(EXERCISE DESCRIPTION): With images excluded, write out each entry below exactly as given.

(TASK INPUTS):
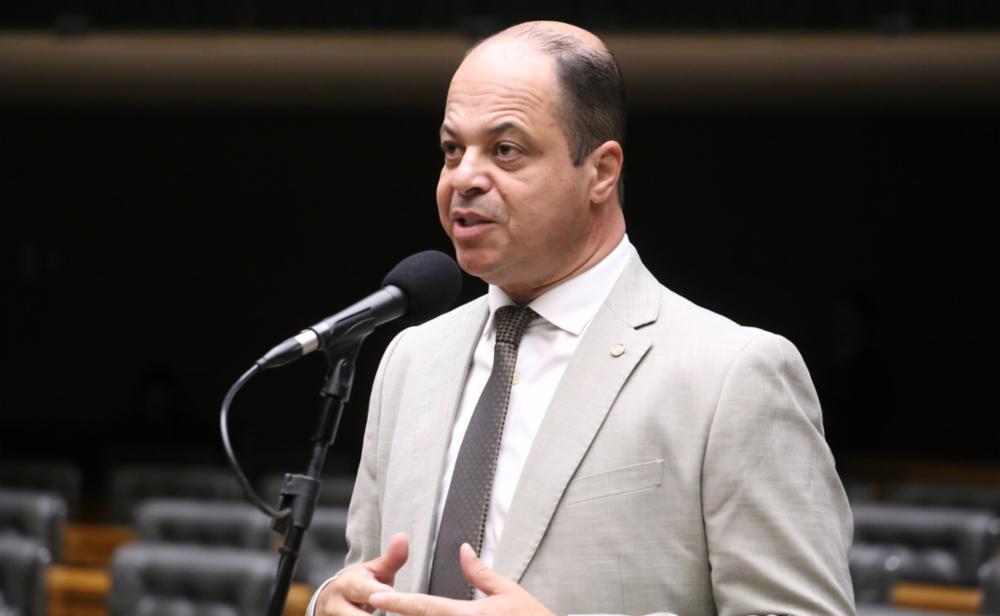 O que tem dentro do que você come? Projeto de Ribamar Silva quer rótulos mais claros e acessíveis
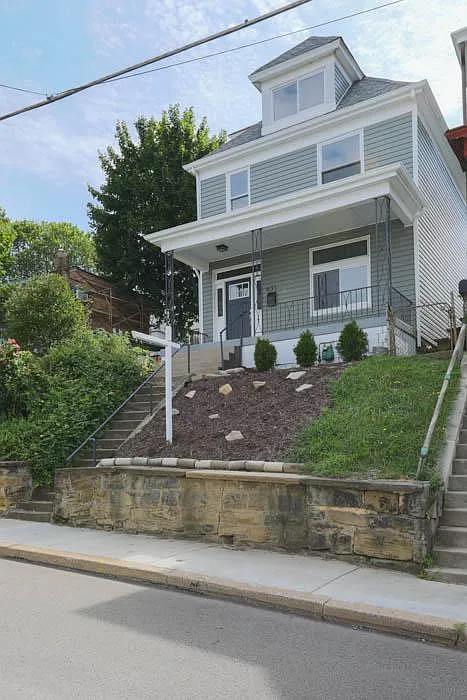 631 Southern Ave photo 1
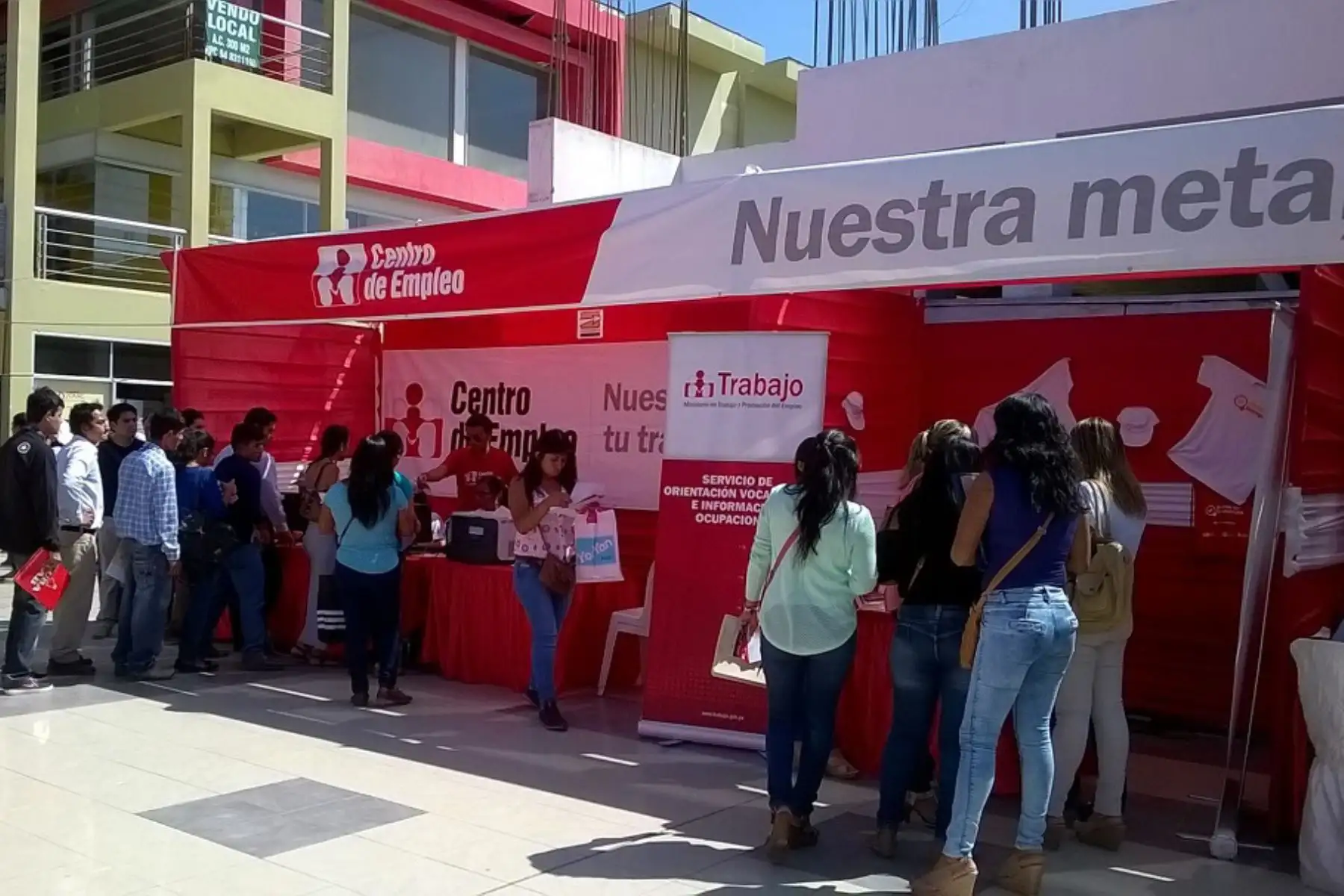 El Ministerio de Trabajo y Promoción del Empleo (MTPE) ofrecerá, hasta mañana viernes 909 vacantes en 29 empresas de la región Ucayali, durante la Semana del Empleo.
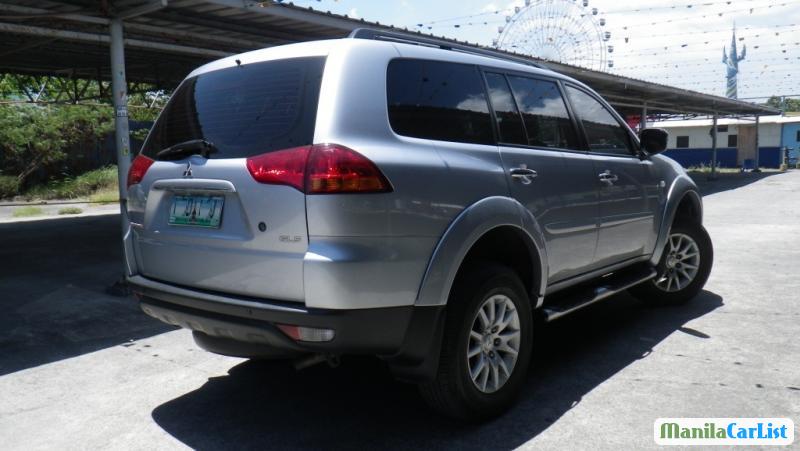Mitsubishi Montero Sport Automatic 2009 - image 2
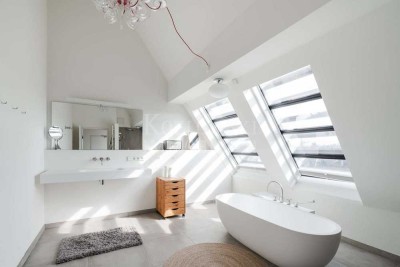 Wohnkunst am Charlottenplatz - Seltene Dach-Galerie mit Direktlift in beide Ebenen!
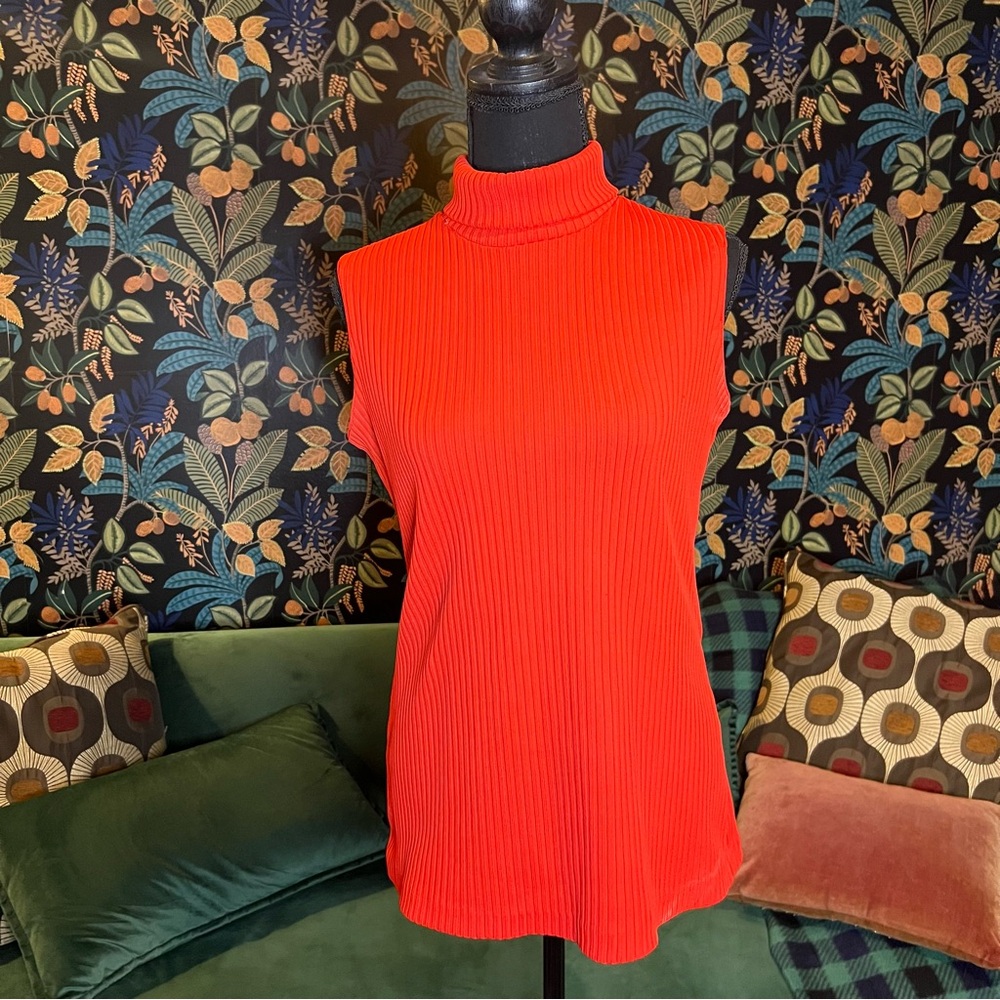 80s Ribbed Sleeveless Turtleneck Top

(SOLUTION TO THIS TASK):
 O que tem dentro do que você come? Projeto de Ribamar Silva quer rótulos mais claros e acessíveis
 631 Southern Ave photo 1
 El Ministerio de Trabajo y Promoción del Empleo (MTPE) ofrecerá, hasta mañana viernes 909 vacantes en 29 empresas de la región Ucayali, durante la Semana del Empleo.
Mitsubishi Montero Sport Automatic 2009 - image 2
 Wohnkunst am Charlottenplatz - Seltene Dach-Galerie mit Direktlift in beide Ebenen!
 80s Ribbed Sleeveless Turtleneck Top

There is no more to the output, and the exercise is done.